Et Louis-Constantin y parvint. Je ne sais de quelle manière il s'est prise, mais il fit en sorte de veiller sur le malade, pendant que Richard allait chasser ses idées noires avec le roi. Il s'écoula encore deux mois après cela : Hidéaki reprit ses activités d'ambassadeur ; le reste de la famille royale fit profil bas ; les lions de la reine continuaient de se rapprocher de leurs cibles (Cath' devint une petite maîtresse de Monsieur) ; le couple souverain continuait sa vie tranquillement ; on préparait activement la Nativité.
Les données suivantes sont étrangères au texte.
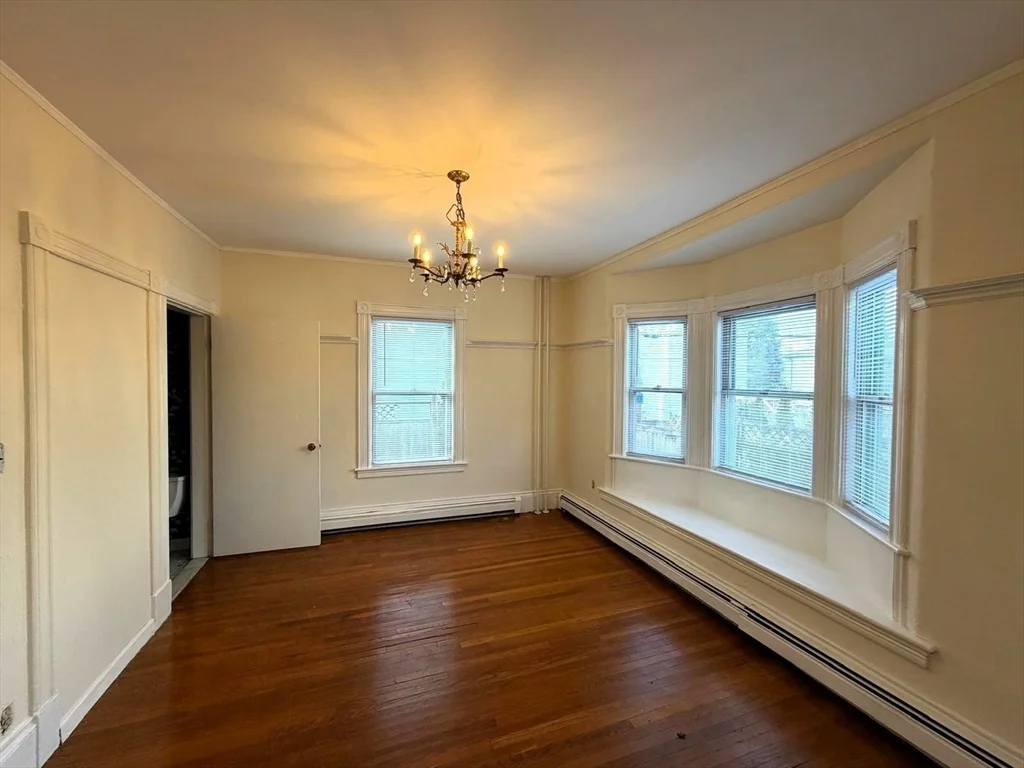 47 Lyman Ave, Medford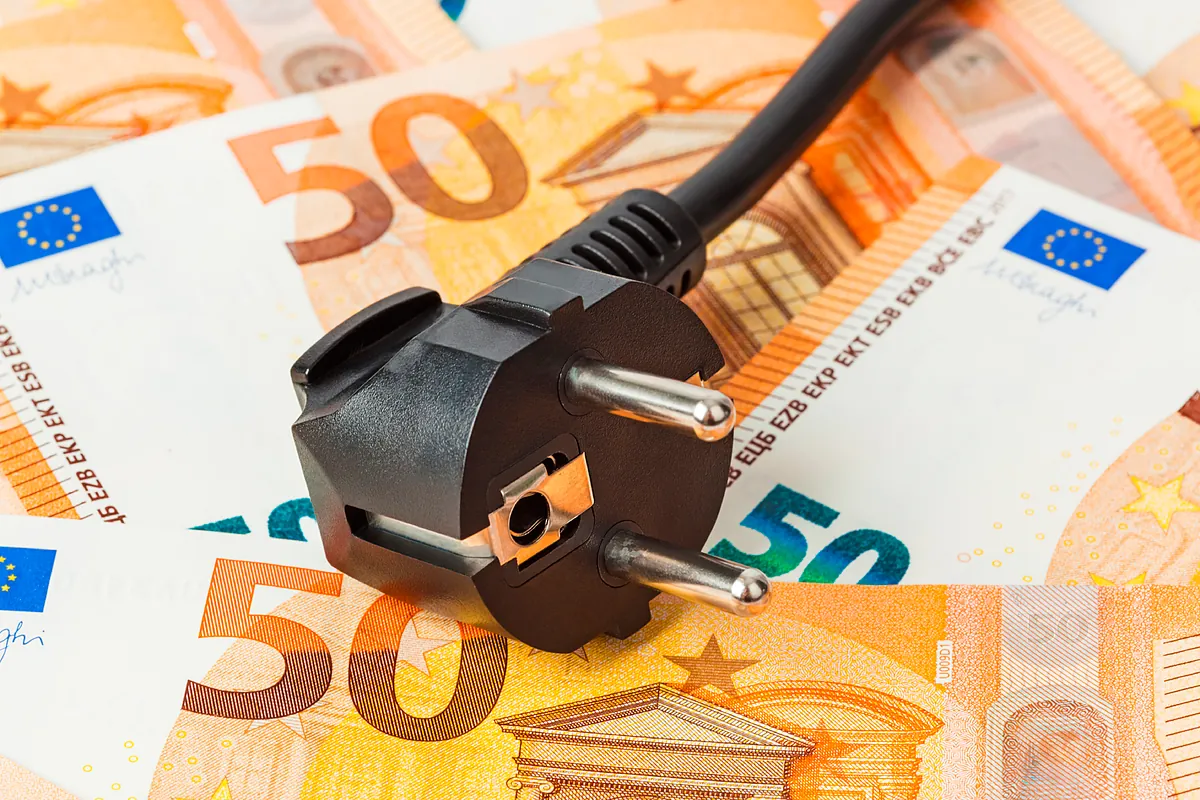 Los hogares con PVPC pagaron 35 euros menos por la luz hasta mayo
Il se trouva un après-midi, le 15 décembre 1775, où Richard était dans les jardins avec Marie-Anne-Pauline de Ricard-Brégançon, deuxième épouse du vicomte de Narbonne-Pelet et dame de compagnie de Madame.

— Eh bien madame, disait Richard, vouliez-vous m'entretenir de quelque chose, vous qui disiez m'attendre ?

— Hi, hi ! Je ne vous ai pas proposé de m'accompagner pour rien, lorsque j'étais sur ce banc. Je connais vos habitudes quand vous venez à Versailles, je savais que je vous trouverai à cette heure. J'ai une requête urgente, qu'on m'a chargé de vous remettre au plus vite.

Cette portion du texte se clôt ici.